Work item: Output all entries exactly; images excluded.

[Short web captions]

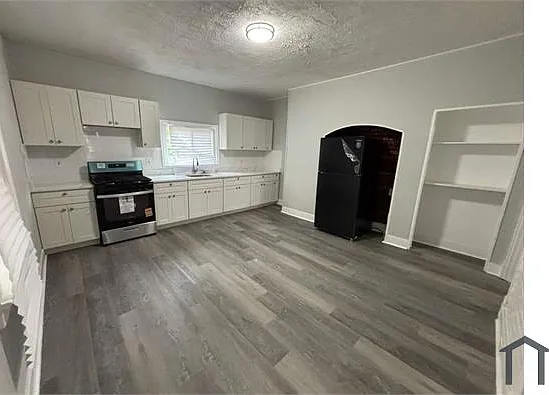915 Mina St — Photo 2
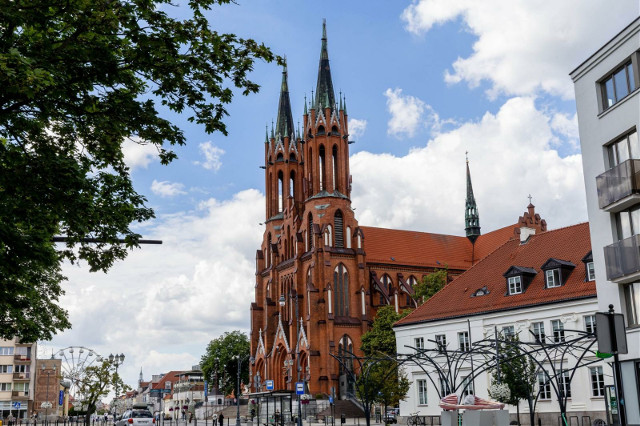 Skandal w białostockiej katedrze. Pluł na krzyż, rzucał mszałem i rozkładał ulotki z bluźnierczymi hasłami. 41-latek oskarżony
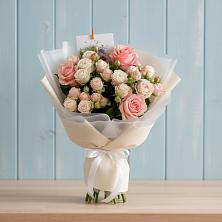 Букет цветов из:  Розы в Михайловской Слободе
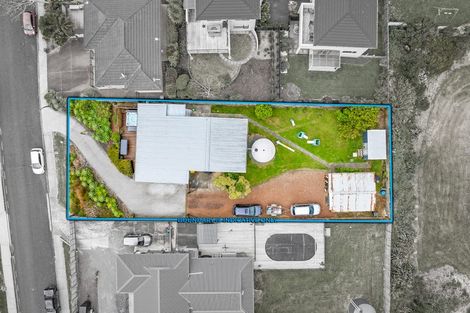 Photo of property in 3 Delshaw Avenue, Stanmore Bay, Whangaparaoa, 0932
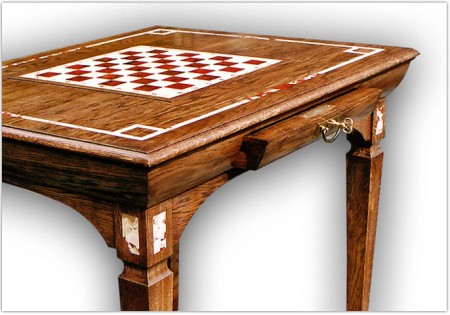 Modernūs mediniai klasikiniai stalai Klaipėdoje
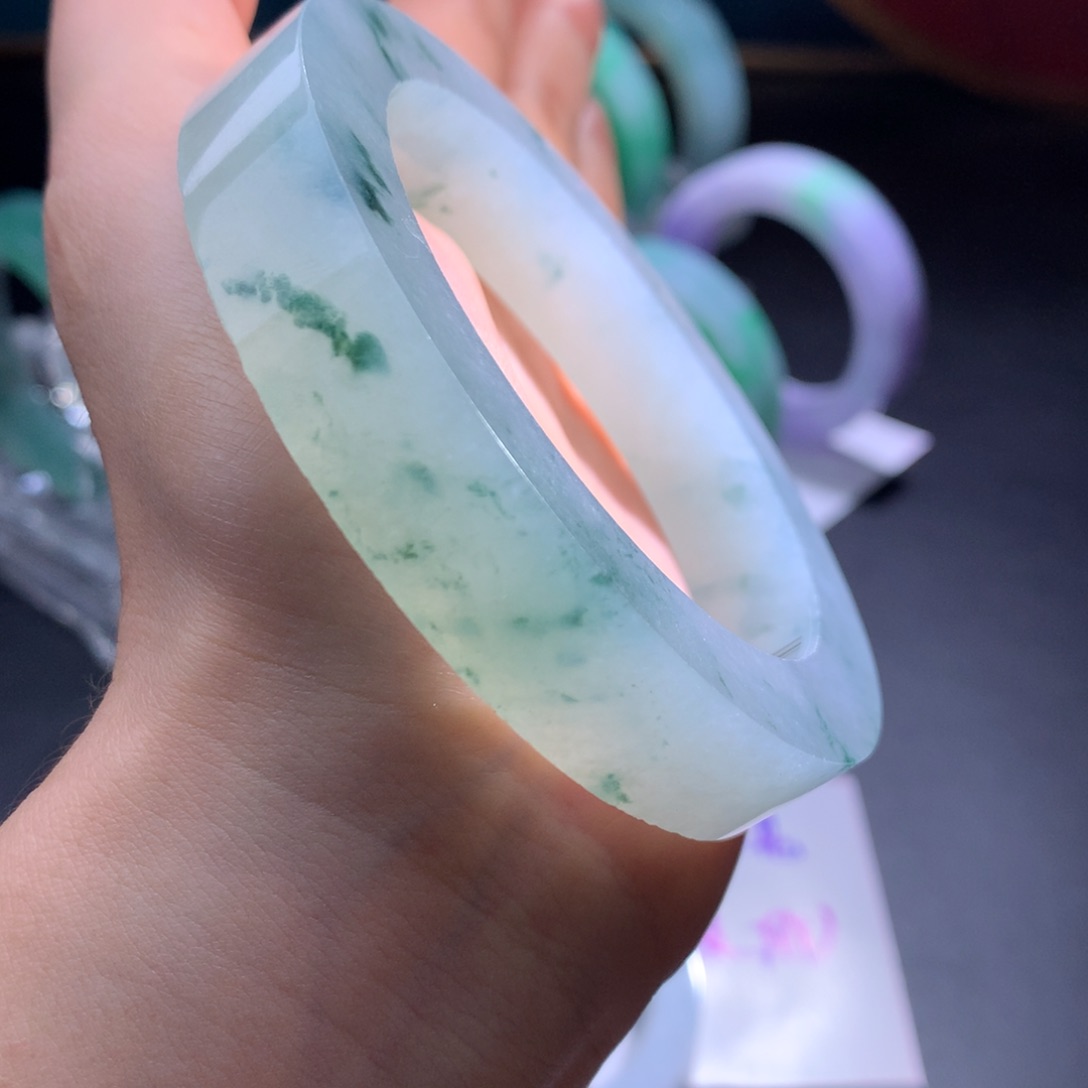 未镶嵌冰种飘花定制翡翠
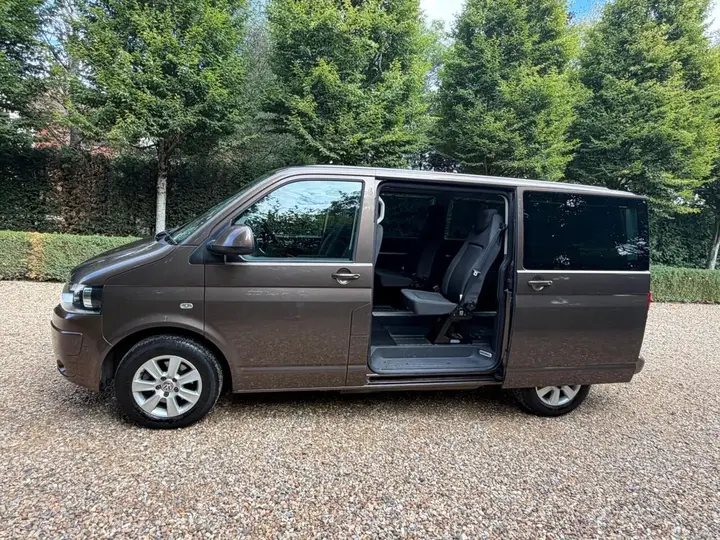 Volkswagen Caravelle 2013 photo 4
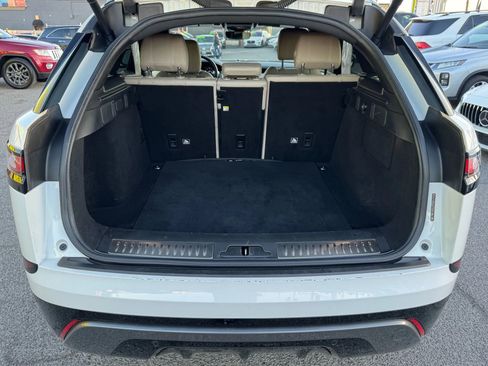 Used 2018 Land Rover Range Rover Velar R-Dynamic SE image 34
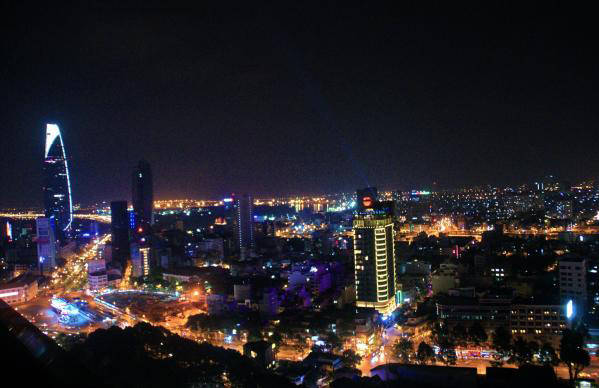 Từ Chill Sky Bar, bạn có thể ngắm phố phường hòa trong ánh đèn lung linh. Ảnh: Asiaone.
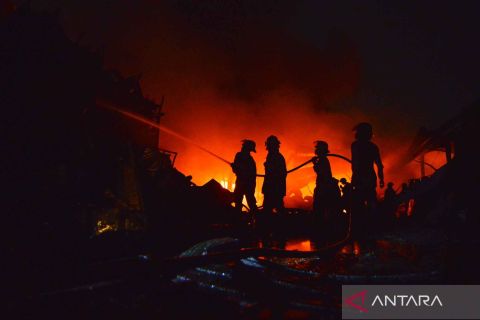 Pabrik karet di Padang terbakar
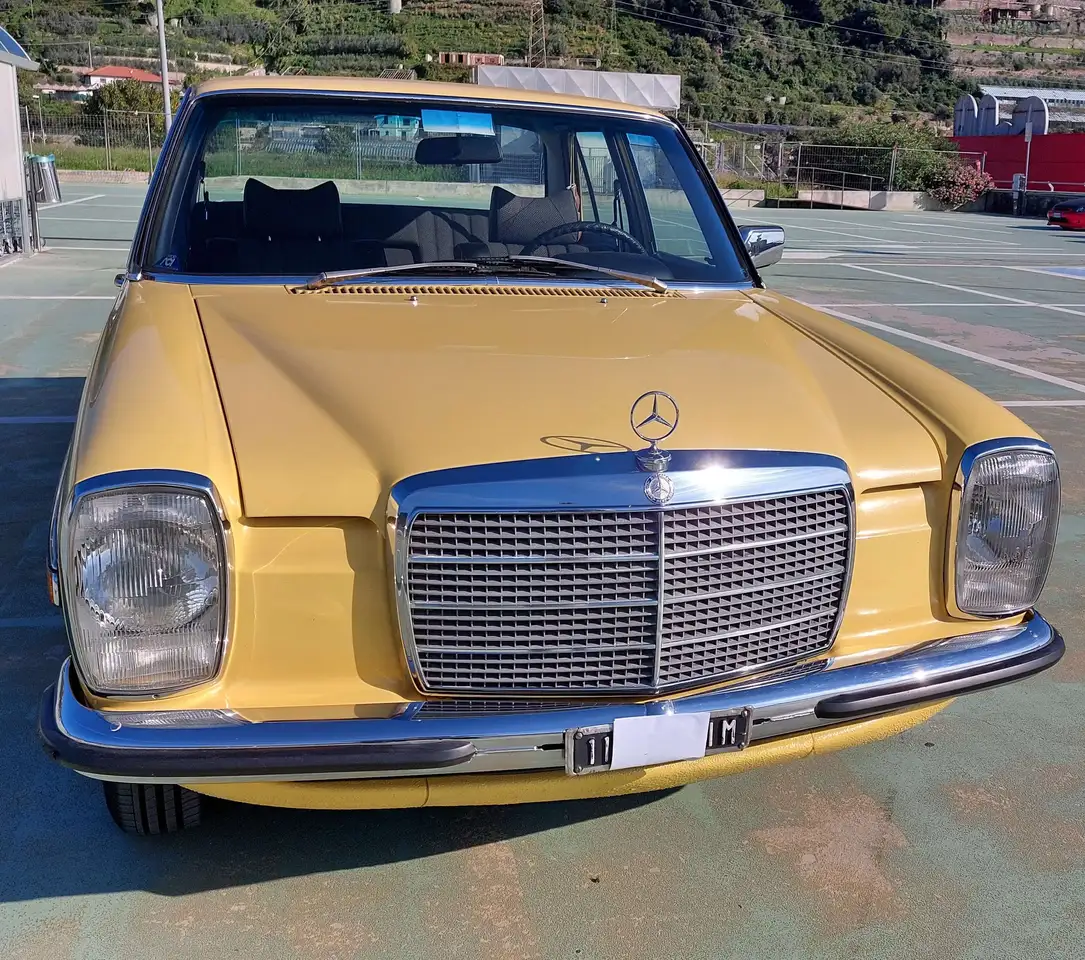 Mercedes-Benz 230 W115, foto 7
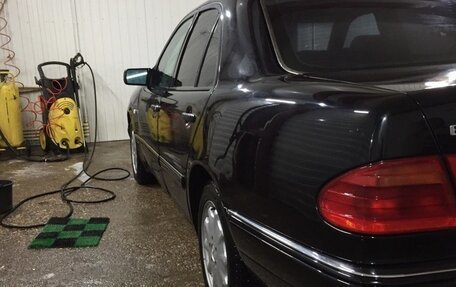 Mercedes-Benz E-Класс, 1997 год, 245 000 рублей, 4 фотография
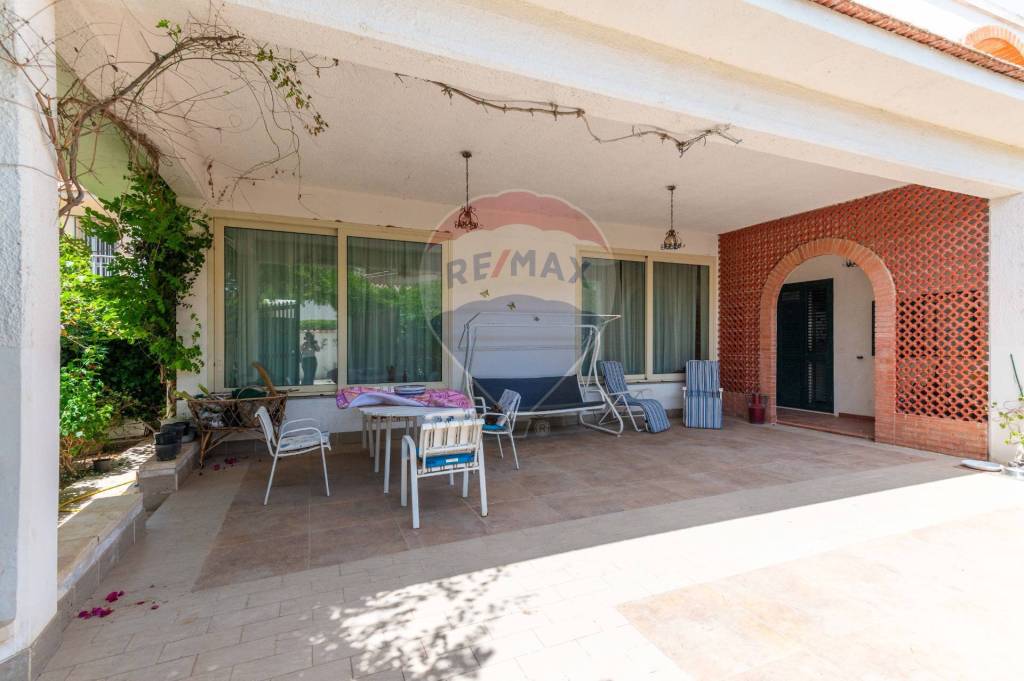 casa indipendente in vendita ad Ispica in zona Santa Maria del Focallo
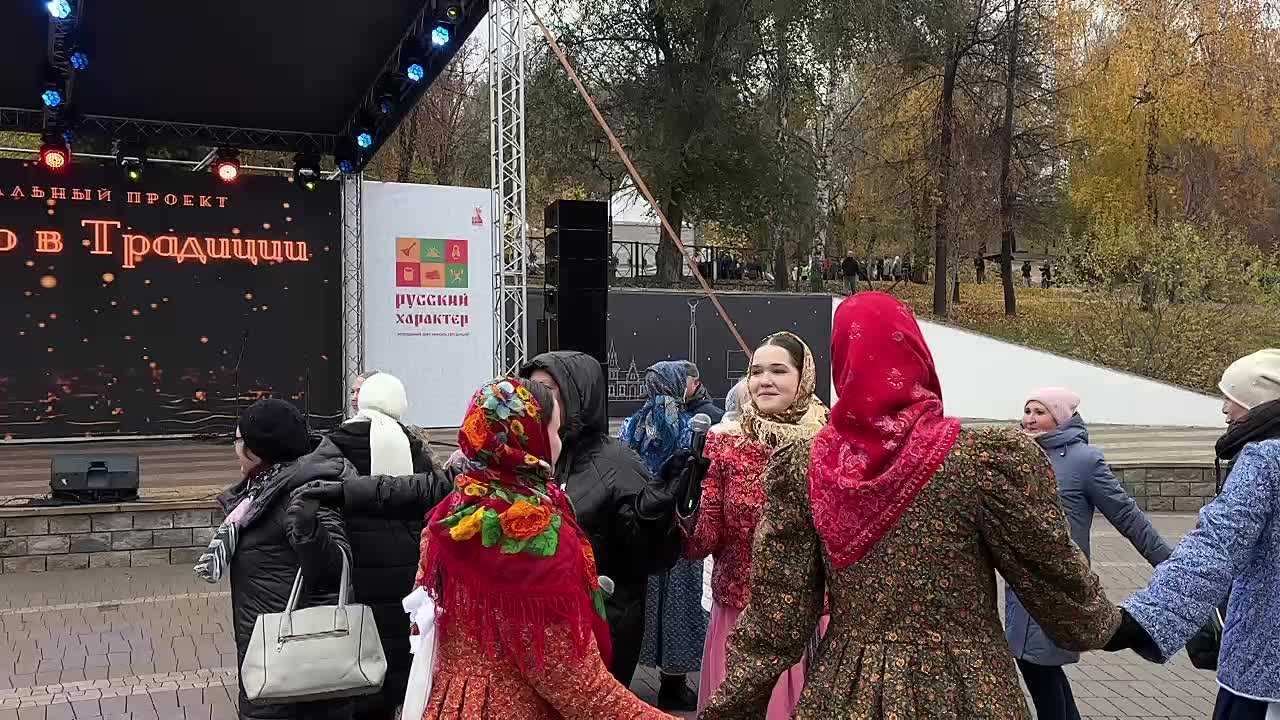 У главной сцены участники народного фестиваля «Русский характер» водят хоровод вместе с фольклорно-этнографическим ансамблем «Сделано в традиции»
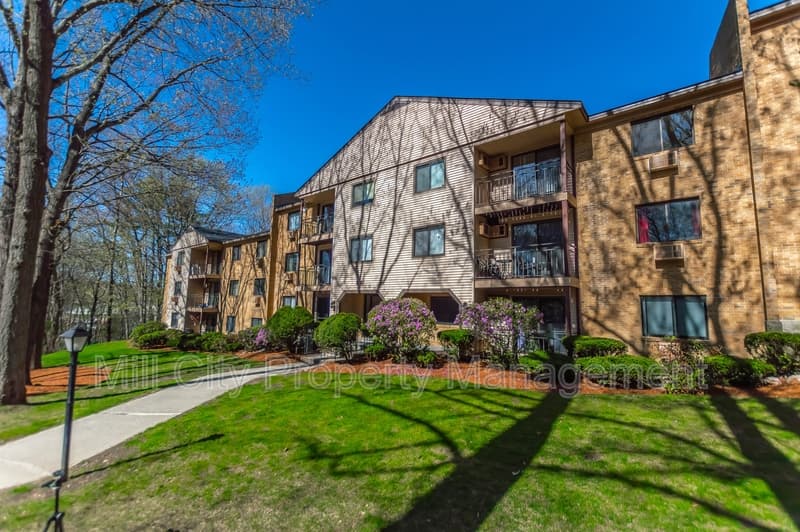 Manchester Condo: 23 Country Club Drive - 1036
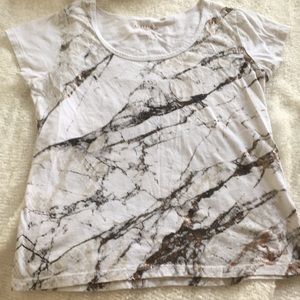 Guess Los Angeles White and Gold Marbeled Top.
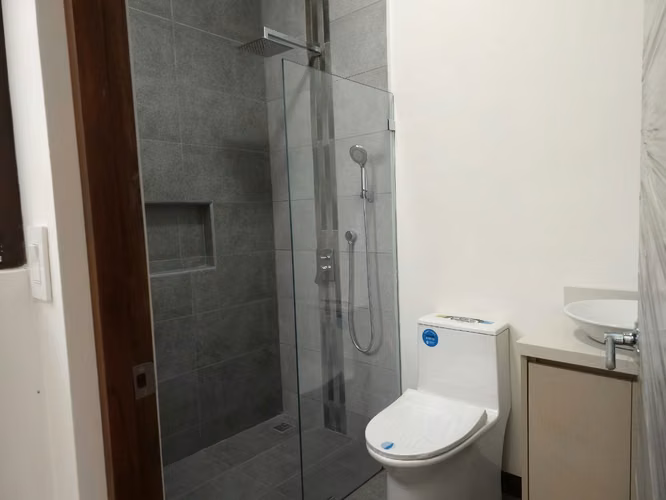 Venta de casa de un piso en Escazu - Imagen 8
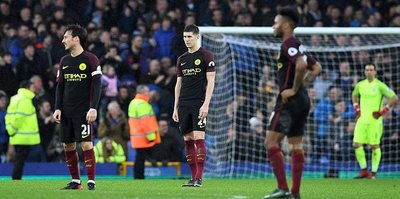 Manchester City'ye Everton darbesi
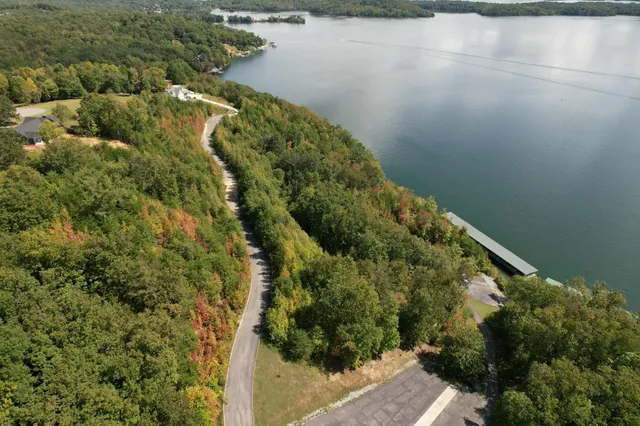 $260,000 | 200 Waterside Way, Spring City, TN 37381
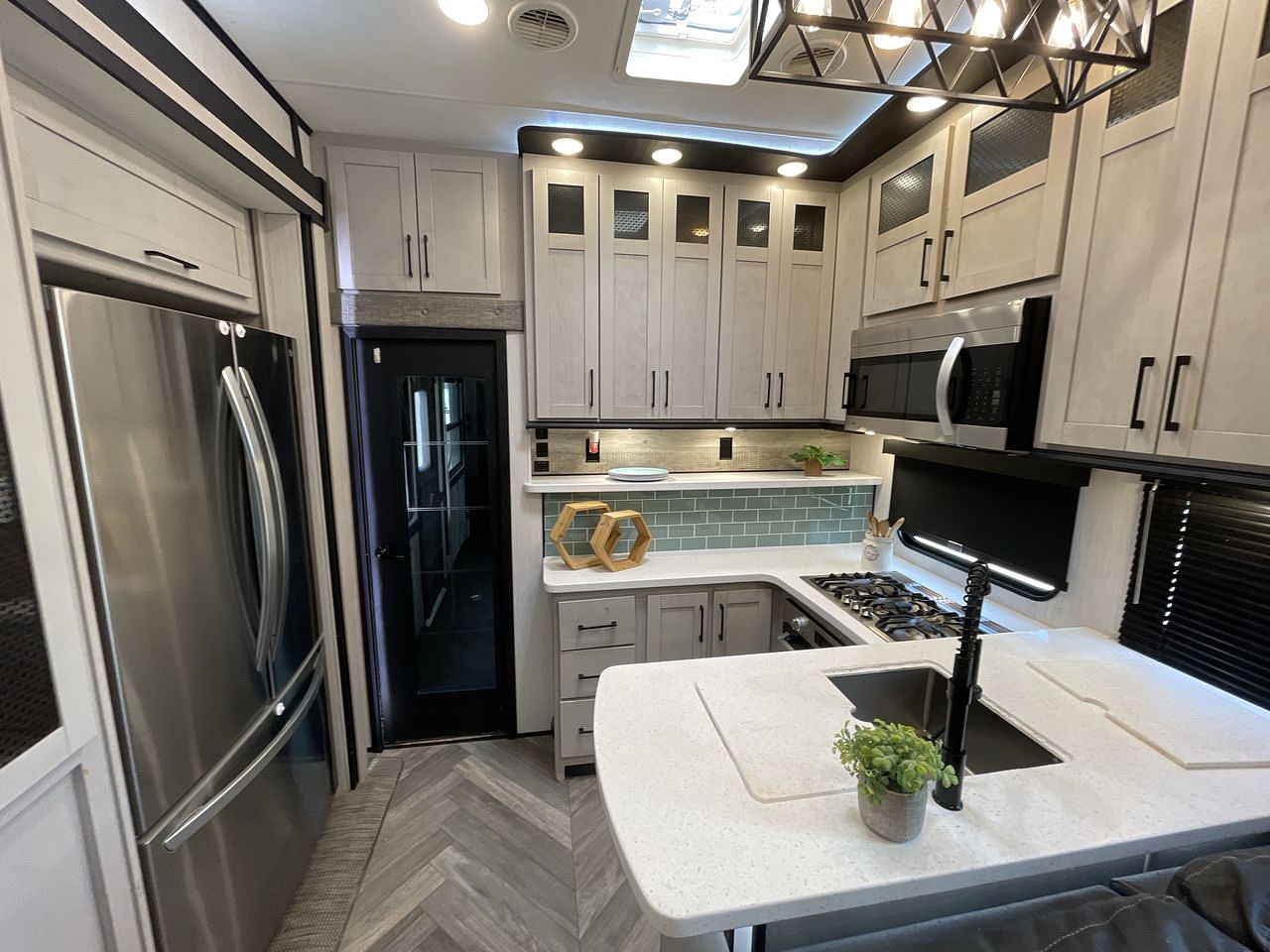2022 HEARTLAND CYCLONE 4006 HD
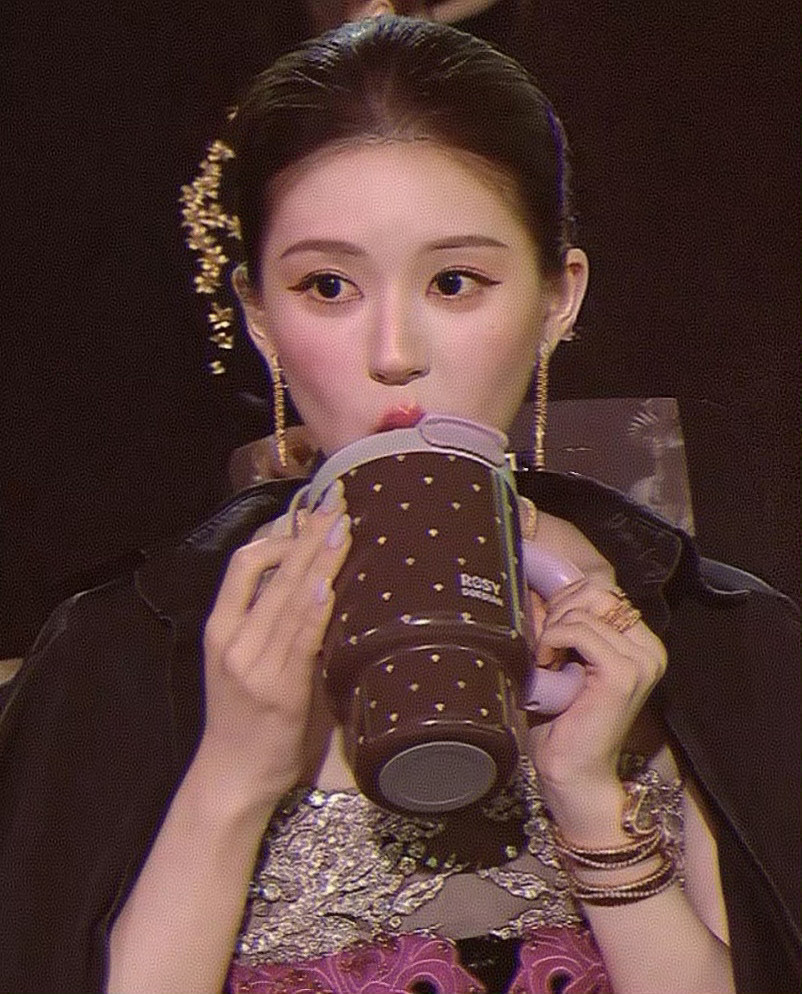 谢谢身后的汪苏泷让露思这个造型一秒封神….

Exercise result:
915 Mina St — Photo 2
 Skandal w białostockiej katedrze. Pluł na krzyż, rzucał mszałem i rozkładał ulotki z bluźnierczymi hasłami. 41-latek oskarżony
 Букет цветов из:  Розы в Михайловской Слободе
 Photo of property in 3 Delshaw Avenue, Stanmore Bay, Whangaparaoa, 0932
 Modernūs mediniai klasikiniai stalai Klaipėdoje
 未镶嵌冰种飘花定制翡翠
 Volkswagen Caravelle 2013 photo 4
 Used 2018 Land Rover Range Rover Velar R-Dynamic SE image 34
 Từ Chill Sky Bar, bạn có thể ngắm phố phường hòa trong ánh đèn lung linh. Ảnh: Asiaone.
 Pabrik karet di Padang terbakar
 Mercedes-Benz 230 W115, foto 7
 Mercedes-Benz E-Класс, 1997 год, 245 000 рублей, 4 фотография
 casa indipendente in vendita ad Ispica in zona Santa Maria del Focallo
 У главной сцены участники народного фестиваля «Русский характер» водят хоровод вместе с фольклорно-этнографическим ансамблем «Сделано в традиции»
 Manchester Condo: 23 Country Club Drive - 1036
 Guess Los Angeles White and Gold Marbeled Top.
 Venta de casa de un piso en Escazu - Imagen 8
 Manchester City'ye Everton darbesi
 $260,000 | 200 Waterside Way, Spring City, TN 37381
2022 HEARTLAND CYCLONE 4006 HD
 谢谢身后的汪苏泷让露思这个造型一秒封神….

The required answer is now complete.